A transição de governo em Washington, no entanto, tem influenciado nas negociações da OMC. Historicamente, os democratas tendem a trabalhar com uma política mais voltada ao protecionismo, se comparados com os republicanos. O presidente norte-americano, Barack Obama, já avisou que não assinará Doha, se não houver uma maior abertura de mercado dos países emergentes.
Para o economista americano Peter Whitney, professor da Universidade de Denver, os norte-americanos sempre demonstraram boa vontade nas discussões. Ele acredita que a falta de interesse vem do outro lado do continente.
“Japão e Coréia do Sul são os mais protecionistas entre todos os países ricos. Ao contrário dos EUA, eles não estão dispostos a abrir seus mercados e não merecem espaço nas negociações sobre a Rodada de Doha”, declarou.
Entre as nações mais envolvidas nas negociações, como o Brasil, existe o temor de que os EUA exijam a renegociação completa do texto atual.
“Se tivermos que jogar fora tudo que foi negociado nos últimos anos, podemos esperar novamente um processo de pelo menos mais cinco anos. Essa possibilidade não é necessariamente a mais provável, mas é claramente possível”, declarou Mesquita.
Política de subsídios
A agricultura é considerada o principal tema dentro da Rodada de Doha. O texto, nos moldes que está, determina que os países ricos cortem os subsídios rurais em aproximadamente 80%. As tarifas para importação seriam reduzidas pela metade: 54%.
Com a política de subsídios, os países ricos compram parte de toda produção interna para que os agricultores não percam dinheiro e os preços sejam controlados. Nos países pobres, os agricultores precisam repassar o custo da produção ao consumidor final, o que provoca o encarecimento das mercadorias. Com produtos mais caros e as altas taxas de importação, os países em desenvolvimento não têm chances de competir em condições de igualdade no cenário internacional.
“Os subsídios à agricultura nos países desenvolvidos têm deprimido os preços internacionais e dificultado o desenvolvimento rural dos países em desenvolvimento.

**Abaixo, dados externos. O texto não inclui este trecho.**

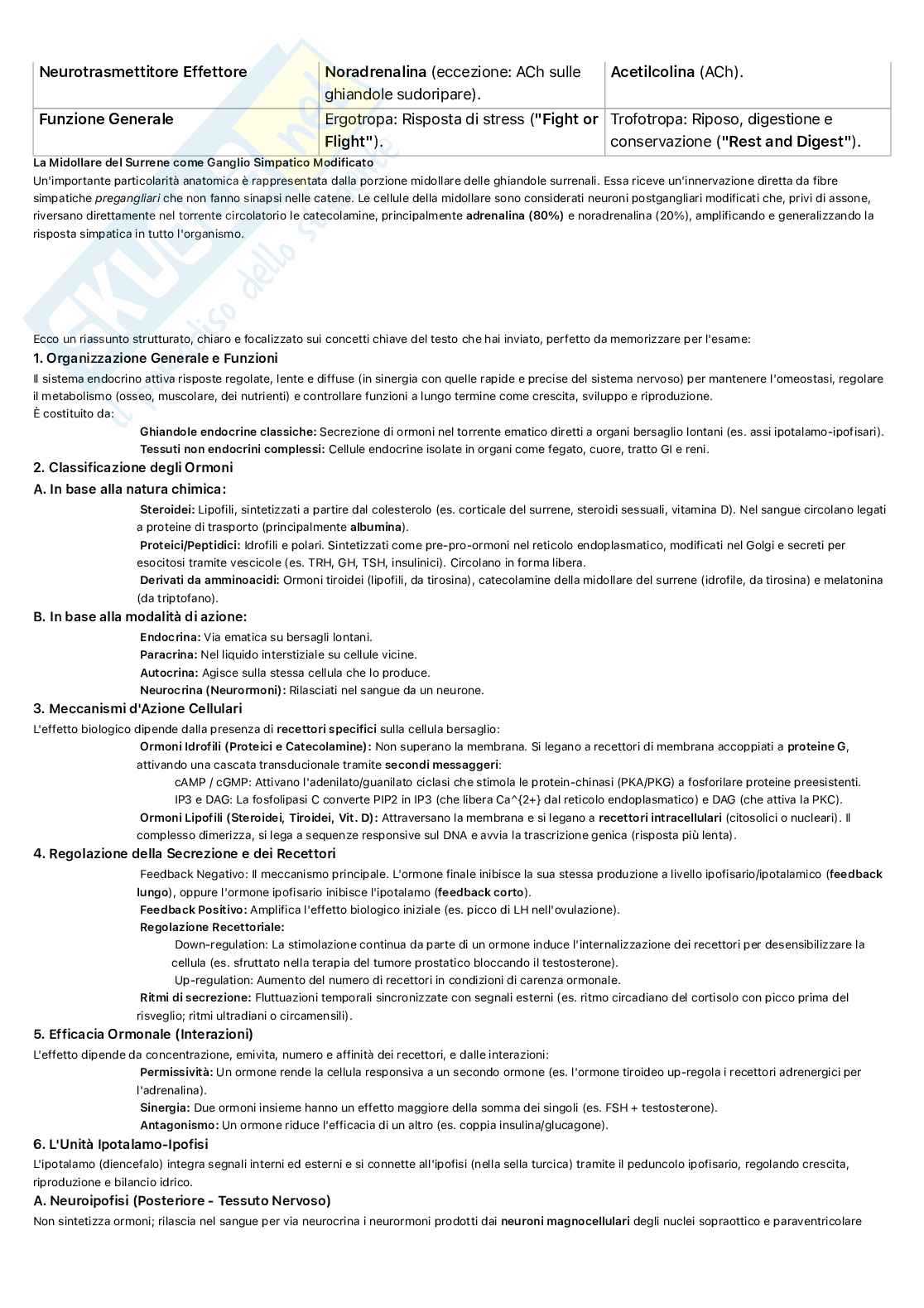 Fisiologia umana Pag. 21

Para os países em desenvolvimento, essa liberalização agrícola é particularmente importante, dados o peso do setor e a possibilidade de seu desenvolvimento”, afirma o ministro Carlos Márcio Bicalho Cozendey, diretor do Departamento Econômico do Itamaraty.
Um estudo feito pela Carnegie Foundation, em 2009, aponta que a aprovação da Rodada de Doha resultaria em um aumento de 0,4% no PIB (Produto Interno Bruto) do Brasil.
O instituto de pesquisas norte-americano prevê ganhos expressivos na agricultura, já que o país é o terceiro maior produtor de alimentos do mundo, mas estima perdas para os setores manufatureiros. Isso porque, para cortar as taxas na agricultura, os países desenvolvidos pedem mais acesso a mercado dos emergentes nos setores de bens e serviços, além de um corte de 54% nas taxas de importação de seus produtos industrializados.
A Rodada do Uruguai, antecessora de Doha, demorou 12 anos para ser aprovada. A OMC tenta acelerar as negociações, para que a Rodada de Doha não seja igualmente longa. Uma reunião para discutir a próxima etapa das conversas está marcada para o final de março. A expectativa é que desse encontro saia uma data oficial para o fechamento do acordo, ou de mais um fracasso.